The line with "Dictionary of Building" through the last line of the entries: give these again exactly, and only these, without any pictures.

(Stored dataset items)
■ ■ ■ ■

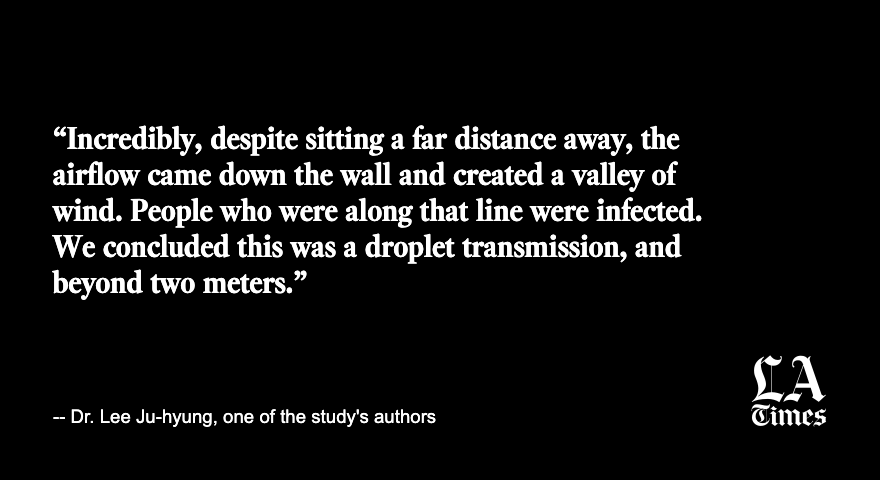 Researchers recreated the conditions at the restaurant and measured the airflow.The high school student and a third diner who was infected had been sitting directly along the flow of air from an air conditioner https://www.latimes.com/world-nation/story/2020-12-09/five-minutes-from-20-feet-away-south-korean-study-shows-perils-of-indoor-dining-for-covid-19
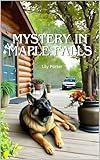 Mystery In Maple Falls (Maple Falls Mysteries)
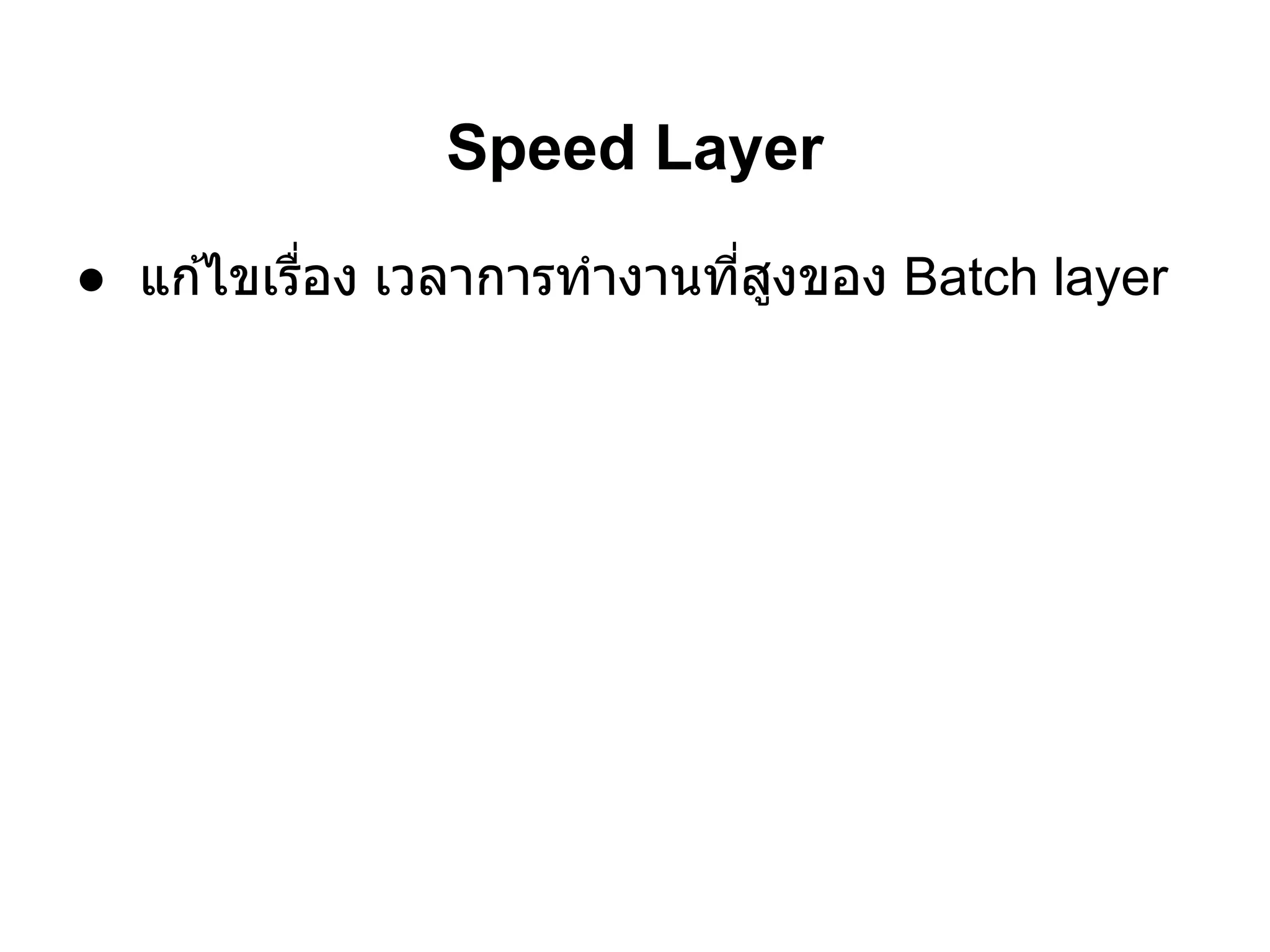 Speed Layer
● แก ้ไขเรือง เวลาการทํางานทีสูงของ Batch layer
 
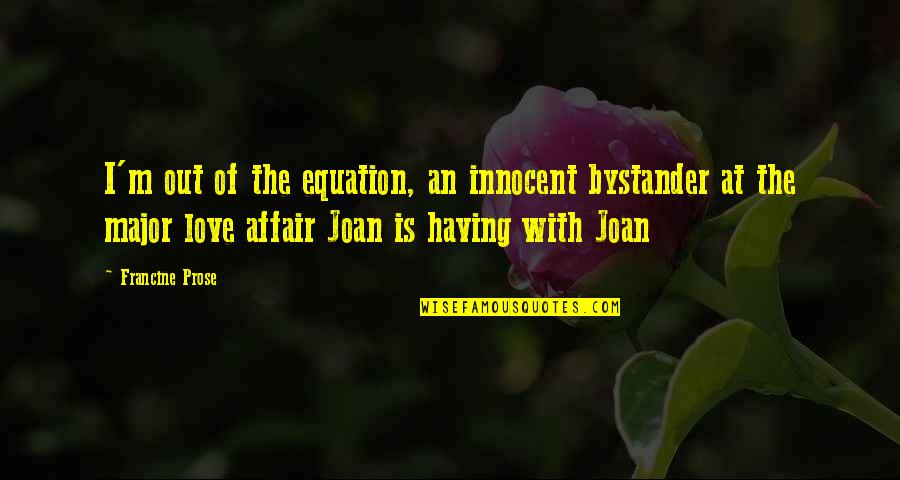 Equation Quotes By Francine Prose: I'm out of the equation, an innocent bystander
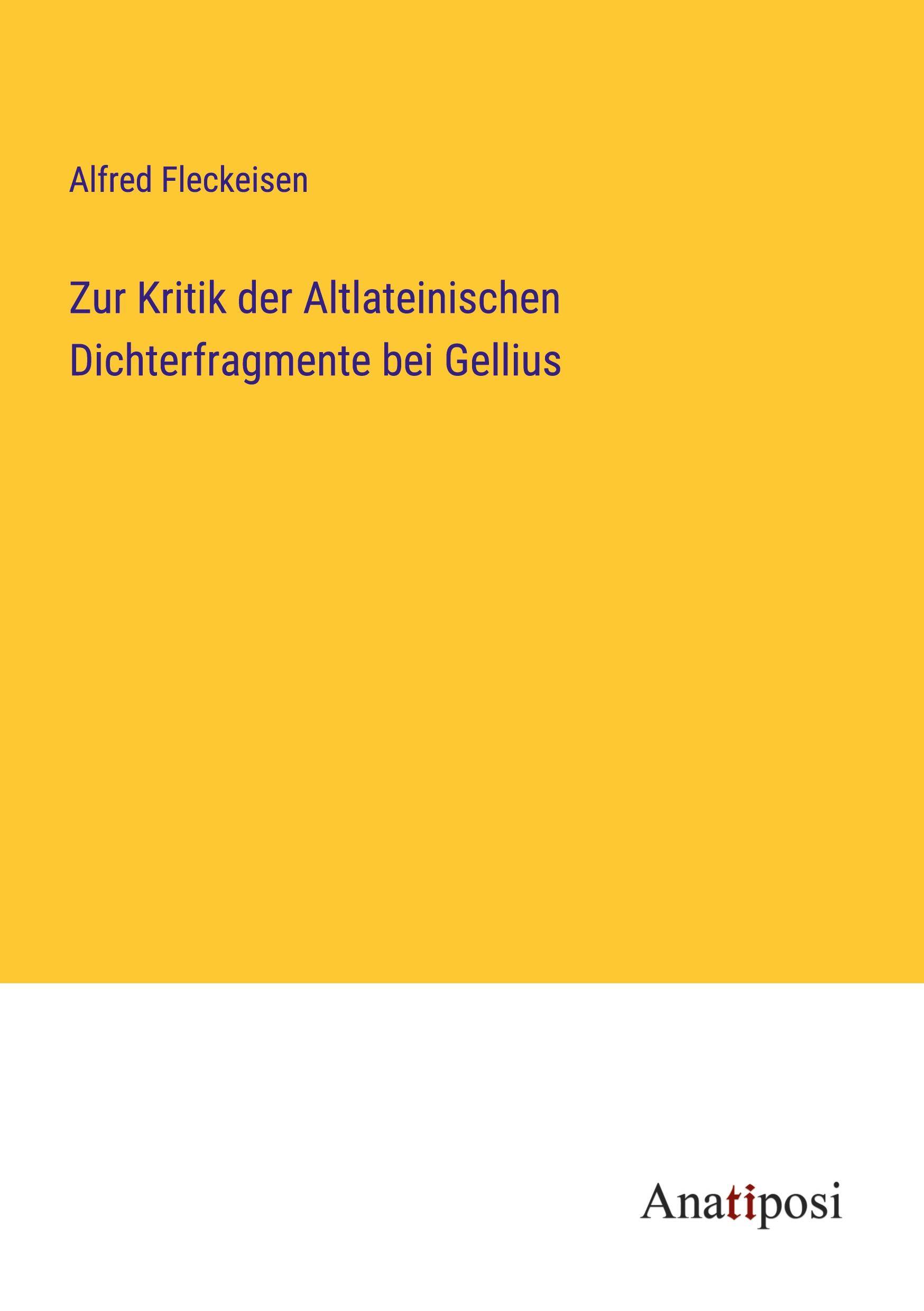 Zur Kritik der Altlateinischen Dichterfragmente bei Gellius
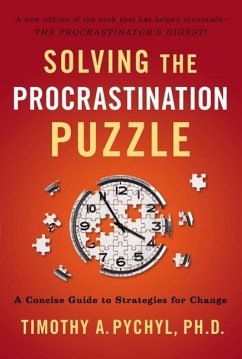 Solving the Procrastination Puzzle (eBook, ePUB) - Pychyl, Timothy A.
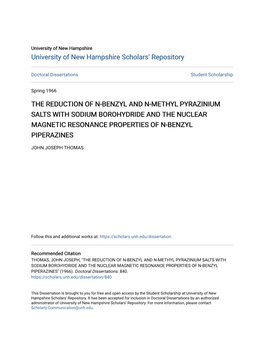 The Reduction of N-Benzyl and N-Methyl Pyrazinium Salts with Sodium Borohydride and the Nuclear Magnetic Resonance Properties of N-Benzyl Piperazines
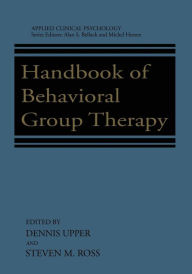 Title: Handbook of Behavioral Group Therapy, Author: Dennis Upper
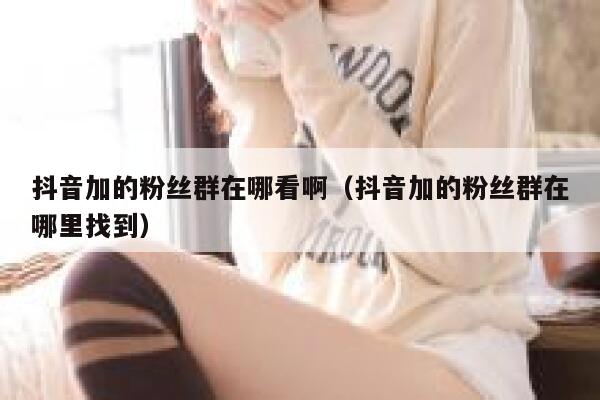 抖音加的粉丝群在哪看啊（抖音加的粉丝群在哪里找到） 第1张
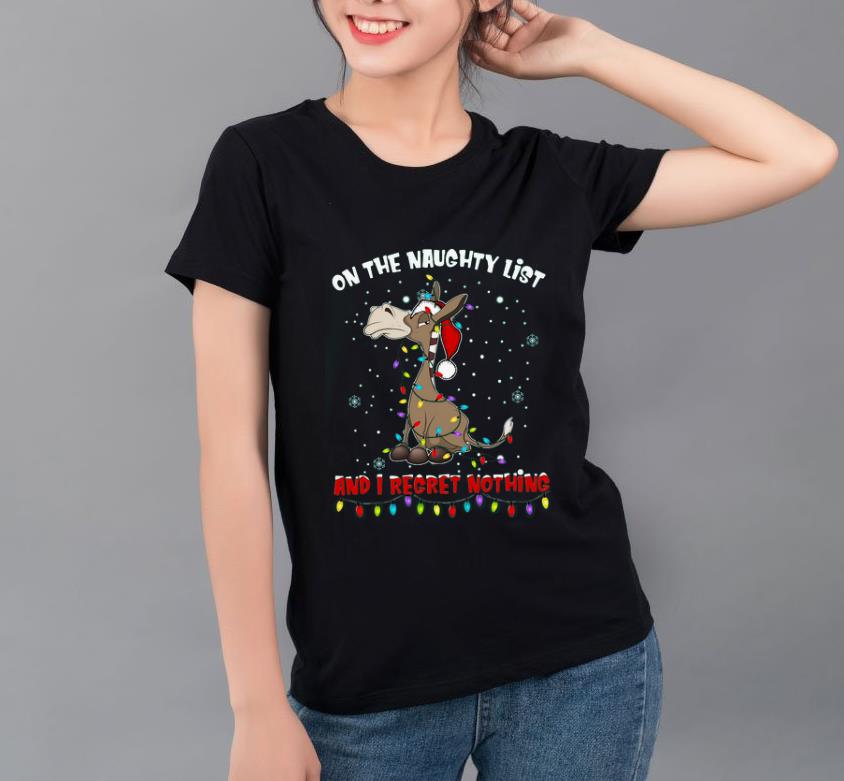 Pretty Goat on the naughty list and I regret nothing christmas shirt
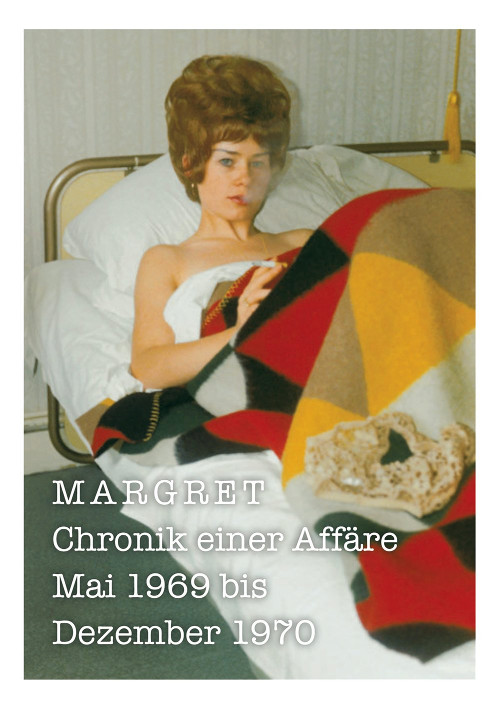 A love affair in a suitcase! Margret:  Chronicle of an Affair May 1969 to December 1970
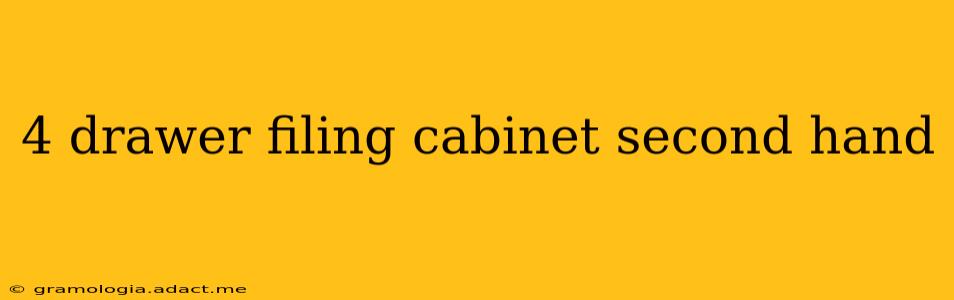 4 drawer filing cabinet second hand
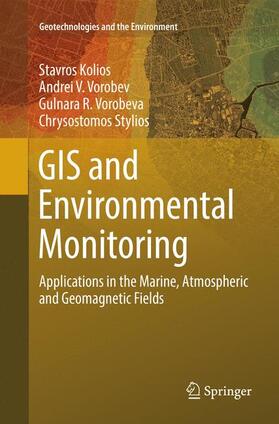 Kolios / Stylios / Vorobev | GIS and Environmental Monitoring | Buch | 978-3-319-85058-0 | sack.de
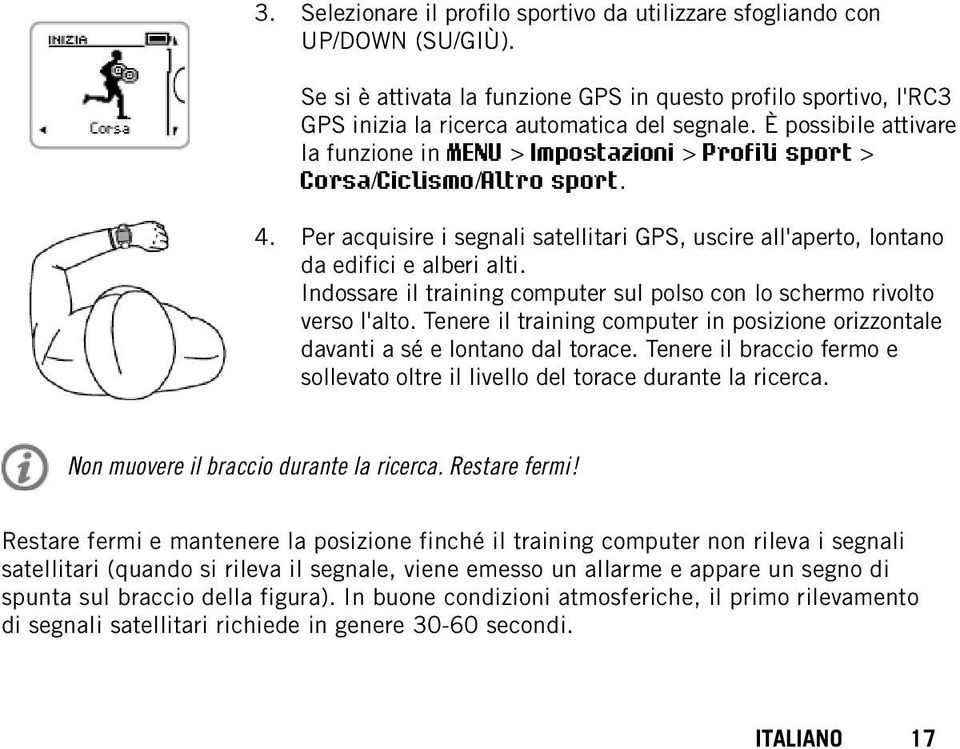 Indossare il training computer sul polso con lo schermo rivolto verso l'alto. Tenere il training computer in posizione orizzontale davanti a sé e lontano dal torace.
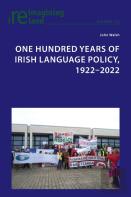 One Hundred Years Of Irish Language Policy, 1922-2022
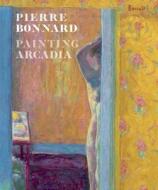 Pierre Bonnard: Painting Arcadia di Guy Cogeval, Isabelle Cahn edito da Prestel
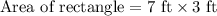 \text{Area of rectangle}=7\text{ ft}\times 3\text{ ft}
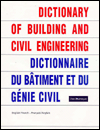 Dictionary of Building and Civil Engineering: English-French - French-English / Edition 1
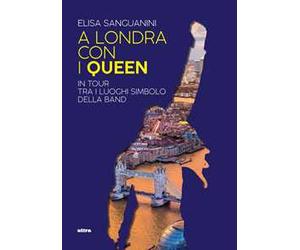 A Londra con i Queen. In tour tra i luoghi simbolo della band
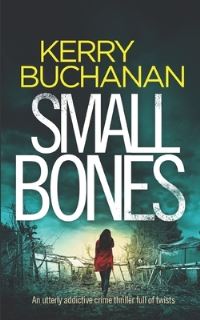 Book Cover for SMALL BONES an Utterly Addictive Crime Thriller Full of Twists by Kerry Buchanan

■ ■ ■ ■

TASK RESULT:
 Dictionary of Building and Civil Engineering: English-French - French-English / Edition 1
 A Londra con i Queen. In tour tra i luoghi simbolo della band
 Book Cover for SMALL BONES an Utterly Addictive Crime Thriller Full of Twists by Kerry Buchanan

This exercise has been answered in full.